What did you use for a Intake Tube.

I would rather go with a black plastic one, I'll be using a Passat t/body and the OE rubber elbow, and then out to a filter, but I'm looking and can't find anything.


----------



## bonesaw (Aug 8, 2004)

you can fit a coupler over the oval throttle body. try one of the thinner style silicone couplers.


----------



## ps2375 (Aug 13, 2003)

I kept all the stock pieces and gutted the airbox of the metering plate and stuff and even opened up the hole the plate sat in.


----------



## 16ValveInside (Nov 20, 2004)

bonesaw said:


> you can fit a coupler over the oval throttle body. try one of the thinner style silicone couplers.

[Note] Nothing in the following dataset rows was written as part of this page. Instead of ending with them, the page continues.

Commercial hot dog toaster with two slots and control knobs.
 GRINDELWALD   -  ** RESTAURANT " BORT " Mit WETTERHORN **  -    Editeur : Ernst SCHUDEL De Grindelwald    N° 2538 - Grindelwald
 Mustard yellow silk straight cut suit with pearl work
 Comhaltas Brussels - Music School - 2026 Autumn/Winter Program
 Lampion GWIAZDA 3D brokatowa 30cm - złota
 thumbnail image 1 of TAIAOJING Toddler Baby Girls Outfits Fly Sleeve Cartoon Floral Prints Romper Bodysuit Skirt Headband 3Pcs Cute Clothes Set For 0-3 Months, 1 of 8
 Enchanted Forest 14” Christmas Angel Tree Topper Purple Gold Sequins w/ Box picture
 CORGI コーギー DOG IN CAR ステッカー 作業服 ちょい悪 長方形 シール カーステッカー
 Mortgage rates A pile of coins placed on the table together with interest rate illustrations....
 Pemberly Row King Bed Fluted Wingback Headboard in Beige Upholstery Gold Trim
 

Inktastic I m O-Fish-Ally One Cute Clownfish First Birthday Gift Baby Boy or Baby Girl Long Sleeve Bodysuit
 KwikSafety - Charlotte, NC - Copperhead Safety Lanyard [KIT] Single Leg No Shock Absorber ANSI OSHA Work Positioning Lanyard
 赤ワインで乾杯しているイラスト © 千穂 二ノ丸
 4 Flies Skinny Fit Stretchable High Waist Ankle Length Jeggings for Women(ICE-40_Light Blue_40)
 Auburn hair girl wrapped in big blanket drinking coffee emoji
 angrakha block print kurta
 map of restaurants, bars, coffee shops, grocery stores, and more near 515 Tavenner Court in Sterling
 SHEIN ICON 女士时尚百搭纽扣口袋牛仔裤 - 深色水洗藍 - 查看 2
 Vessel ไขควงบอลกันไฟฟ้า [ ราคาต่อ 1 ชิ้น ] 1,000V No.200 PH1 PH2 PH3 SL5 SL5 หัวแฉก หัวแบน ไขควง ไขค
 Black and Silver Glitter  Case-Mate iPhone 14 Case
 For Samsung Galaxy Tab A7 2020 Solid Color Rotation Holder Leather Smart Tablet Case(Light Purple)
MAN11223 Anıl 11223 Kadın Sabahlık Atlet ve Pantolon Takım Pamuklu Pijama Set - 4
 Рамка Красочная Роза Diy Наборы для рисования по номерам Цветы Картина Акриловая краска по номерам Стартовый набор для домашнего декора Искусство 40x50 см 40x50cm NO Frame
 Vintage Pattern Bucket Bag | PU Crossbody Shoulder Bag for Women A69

Thanks, good to know, now where can I find a Intake tube with no "bling"?


----------



## ellocolindo (Jan 15, 2010)

if interested i have passat and mk2 16v intak epipes. oem plastic. or also a cabriolet 85 8v intake pipe.


----------



## 16ValveInside (Nov 20, 2004)

anyone have any pics of what they used on a 16V engine


----------



## [email protected] (Dec 8, 2007)

I do..


----------



## 16ValveInside (Nov 20, 2004)

[email protected] said:


> I do..


Thanks, looking good, did you fab that one yourself? I read that an intake tube for a 92 Civic fits.


----------



## [email protected] (Dec 8, 2007)

no, it's an aftermarket replacement for OEM plastic tube, some people believe that bigger diameter makes more power


----------



## 16ValveInside (Nov 20, 2004)

[email protected] said:


> no, it's an aftermarket replacement for OEM plastic tube, some people believe that bigger diameter makes more power


might be one of the ABD big bore tubes. I'm looking for something a little longer.
I'll probably order one of the 92 honda civic short ram intake tubes with K&N filter off ebay


----------



## 16ValveInside (Nov 20, 2004)

I bought one of the AirAid U build it Universal Intake kits 3" diameter without the filter and clamps, etc. just the black plastic tube.
Its shaped like a big U and all the different bends and straight pieces are all made together, just cut between the lines and use the pieces you need.
I'll post a pic when I finish.


----------



## DocWalt (Sep 6, 2012)

ABD big bore intake tube with a Digi airbox upper modded with a plastic digi cone filter adapter in place of the MAF... I forget the size of PVC pipe we used to fit, but the mod wasn't too terrible. I even had my brother do the work for me 



















If that didn't work out I'd have done exactly what ps2375 did, the CIS stuff flows plenty of air with the flapper and arm removed. His porting work on the housing looks like a really nice improvement too.


----------



## 16ValveInside (Nov 20, 2004)

right out of the box the u-build-it intake tube - I ordered the 3" tube










just cut between the ribs with a a PVC /plastic saw and smooth down the edges with a PVC/plastic file










bought some couplers and still playing with the pieces trying different ways to route the intake










or










what do you think


----------